Provided material START

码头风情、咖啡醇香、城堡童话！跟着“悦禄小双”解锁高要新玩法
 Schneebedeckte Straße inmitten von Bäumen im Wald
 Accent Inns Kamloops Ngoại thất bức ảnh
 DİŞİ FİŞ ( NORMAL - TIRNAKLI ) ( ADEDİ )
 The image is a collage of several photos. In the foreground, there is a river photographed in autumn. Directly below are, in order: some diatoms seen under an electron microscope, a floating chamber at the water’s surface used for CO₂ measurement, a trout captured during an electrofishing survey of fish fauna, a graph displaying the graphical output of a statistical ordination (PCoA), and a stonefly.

Provided material END

→ Instructions to follow:
Copy the records above exactly, leaving nothing out.

→ Answer space:
码头风情、咖啡醇香、城堡童话！跟着“悦禄小双”解锁高要新玩法
 Schneebedeckte Straße inmitten von Bäumen im Wald
 Accent Inns Kamloops Ngoại thất bức ảnh
 DİŞİ FİŞ ( NORMAL - TIRNAKLI ) ( ADEDİ )
 The image is a collage of several photos. In the foreground, there is a river photographed in autumn. Directly below are, in order: some diatoms seen under an electron microscope, a floating chamber at the water’s surface used for CO₂ measurement, a trout captured during an electrofishing survey of fish fauna, a graph displaying the graphical output of a statistical ordination (PCoA), and a stonefly.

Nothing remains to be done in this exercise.